Semiconductor nanowires (NWs) represent a unique system for exploring phenomena at the nanoscale and are also expected to play a critical role in future electronic and optoelectronic devices. Here we review recent advances in growth, characterization, assembly and integration of chemically synthesized, atomic scale semiconductor NWs. We first introduce a general scheme based on a metal-cluster catalyzed vapor–liquid–solid growth mechanism for the synthesis of a broad range of NWs and nanowire heterostructures with precisely controlled chemical composition and physical dimension. Such controlled growth in turn results in controlled electrical and optical properties. Subsequently, we discuss novel properties associated with these one-dimensional (1D) structures such as discrete 1D subbands formation and Coulomb blockade effects as well as ballistic transport and many-body phenomena. Room-temperature high-performance electrical and optical devices will then be discussed at the single- or few-nanowire level. We will then explore methods to assemble and integrate NWs into large-scale functional circuits and real-world applications, examples including high-performance DC/RF circuits and flexible electronics. Prospects of a fundamentally different ‘bottom-up’ paradigm, in which functionalities are coded during growth and circuits are formed via self-assembly, will also be briefly discussed.

6.2 Introduction

Great advances in integrated circuit technologies have been accomplished during the past four decades that resulted in electronic devices with higher device density, faster clock rate and lower power consumption.

However, as the devices reach deep sub-100 nm scale, conventional scaling methods which maintain the device’s basic structure while shrinking its size face increasing technological and fundamental challenges. For example, device size fluctuations will result in a large spread in device characteristics at the nanoscale, affecting key parameters such as the threshold voltage and on/off current. Increasing demand on the resolution of the equipment and

expenses of building and operating the facilities also pushes the traditional approach towards its practical limit and hinders device scaling from reaching true atomic level. To sustain the historical scaling trend beyond CMOS, novel one-dimensional (1D) structures, including carbon nanotubes (CNTs) and semiconductor nanowires (NWs), have been proposed as the active components (as well as interconnects) in future nanoscale devices and circuits.

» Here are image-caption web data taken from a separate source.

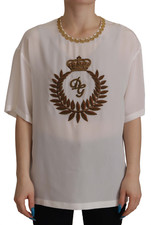 Dolce & Gabbana Haut Chemisier Blanc Soie Or Dg Couronne Cristal IT40/US6/M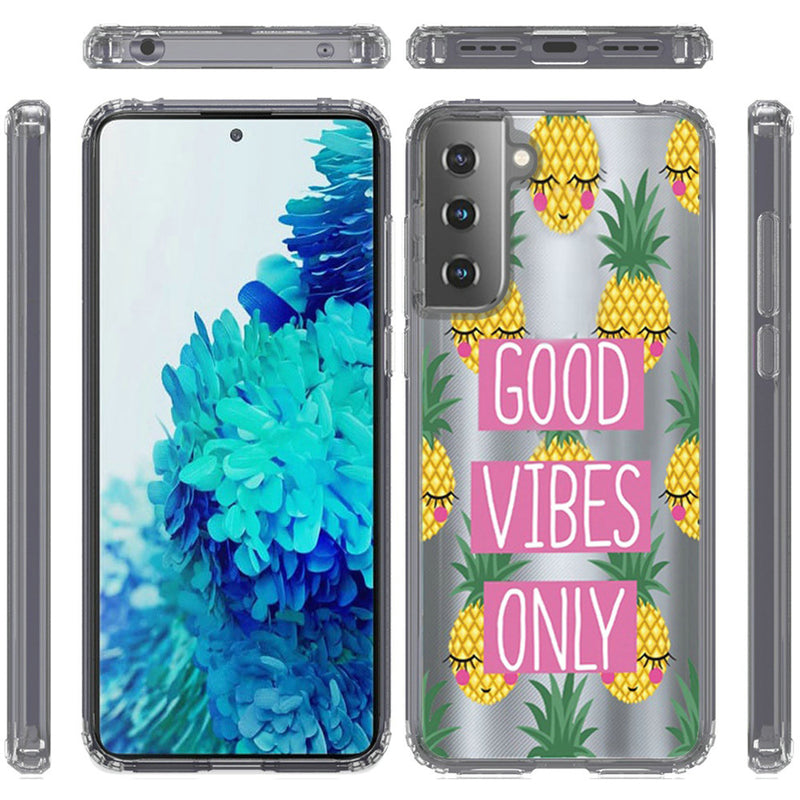 For Samsung Galaxy s21, s30 Design Transparent Bumper Hybrid Case Cover - Good Vibes Only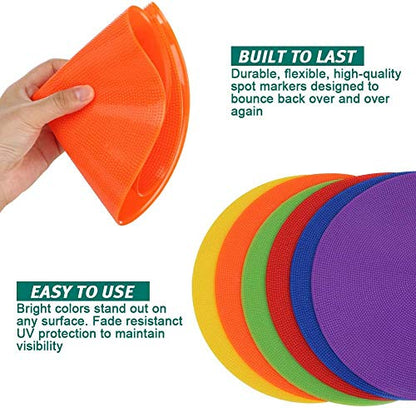 60 Pcs Poly Vinyl Spot Markers Rubber Floor Dots Non Slip Agility Markers - size: 10inch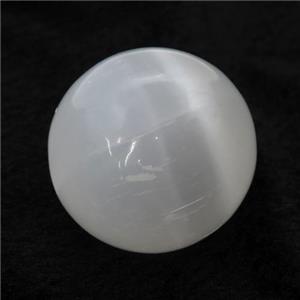 White Selenite Sphere Massage Ball Globe Nohole, approx 40mm dia [GM14910]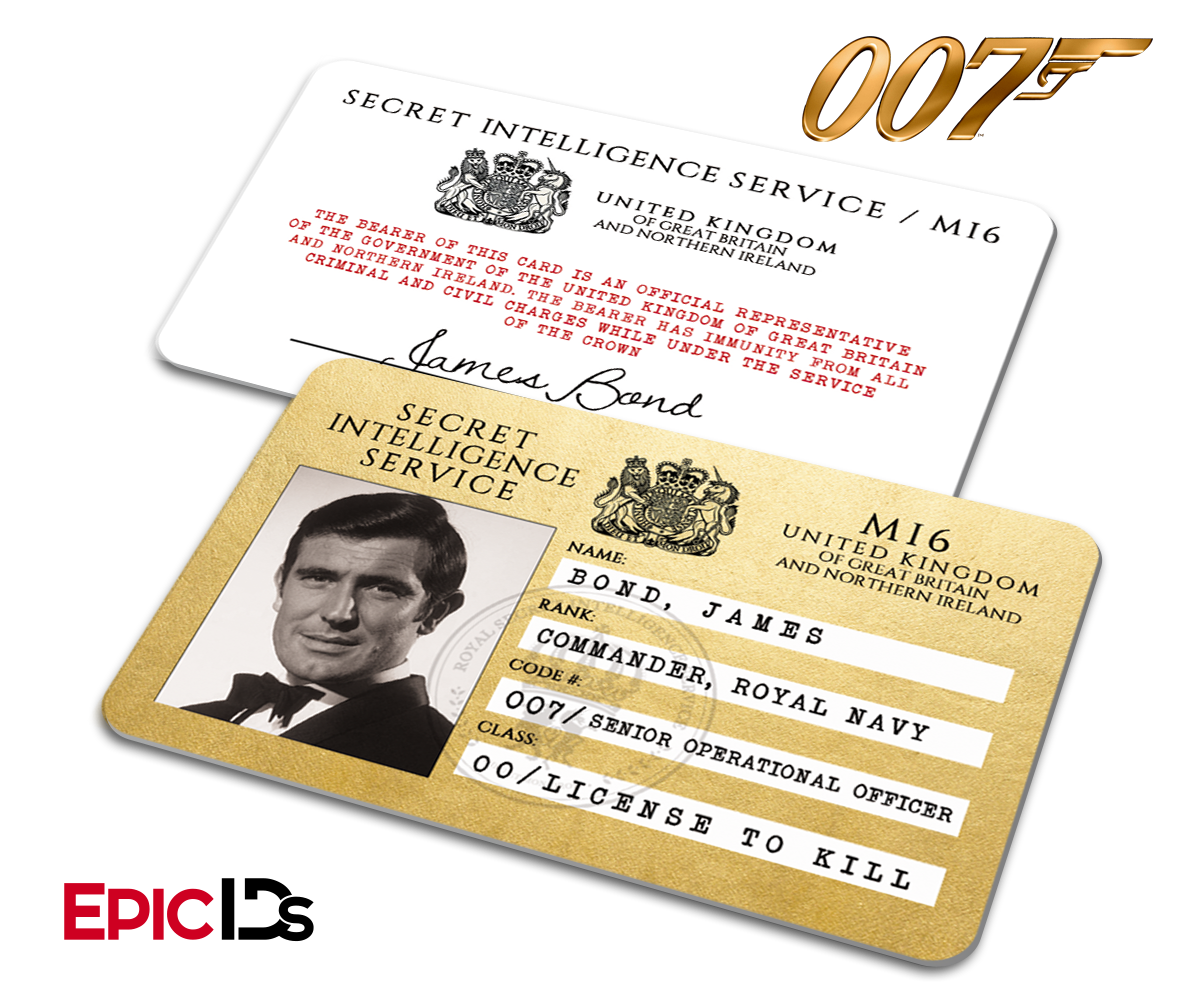 James Bond 007  Inspired (George Lazenby) Secret Intelligence Service ID - Epic IDs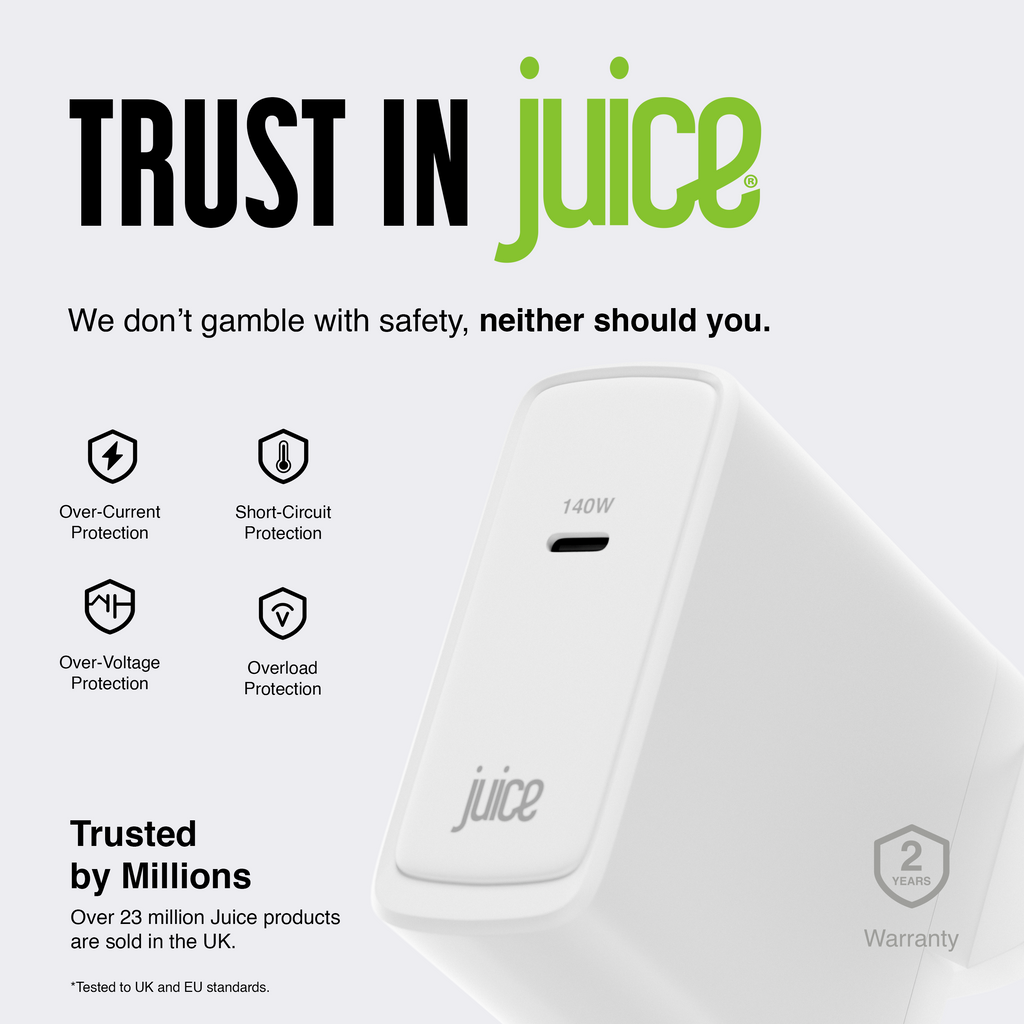 Juice 140W USB-C Fast Charger Plug with 2m Cable – GaN Power for MacBook, Laptop & Phone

In this case, the critical device size is defined during the growth (chemical synthesis) process and can be controlled with atomic scale resolution. To date, great efforts and progress have been made in the field of CNTs, although CNT based applications are still hindered by difficulties to produce uniform, semiconducting nanotubes. On the other hand, semiconductor NWs can be prepared with reproducible electronic properties in high-yield, as required for largescale integrated systems. Furthermore, the well-controlled NW growth process implies that materials with distinct chemical composition, structure, size and morphology can be integrated. Such an ability to build specific functions into the system during growth may in turn lead to bottom-up assembly of integrated circuits, which offers the potential of parallel production of massive number of devices with similar material and electrical/optical properties. Drastically different from the ‘top-down’ paradigm commonly used in today’s semiconductor industry, this ‘bottom-up’ paradigm, analogous to the way that nature works, may prove to be a suitable solution to the technological challenges as devices approach atomic size. From a fundamental physics point of view, the low dimensional nanowire structure is an ideal platform to probe properties which may be inaccessible or hard to achieve in larger devices, due to the reduced device size and ideal material properties. For example, discreteness of electrons comes into play when the Coulomb energy associated with the addition of an individual electron becomes larger than the thermal energy; 1D quantum wires and zero-dimensional quantum dots (QDs) form when the relevant device size is comparable to the de Broglie wavelength of the carriers. As a result, the electrical and optical properties in these nanoscale devices are determined not only by the materials composition but can also be tailored by the specific device geometry.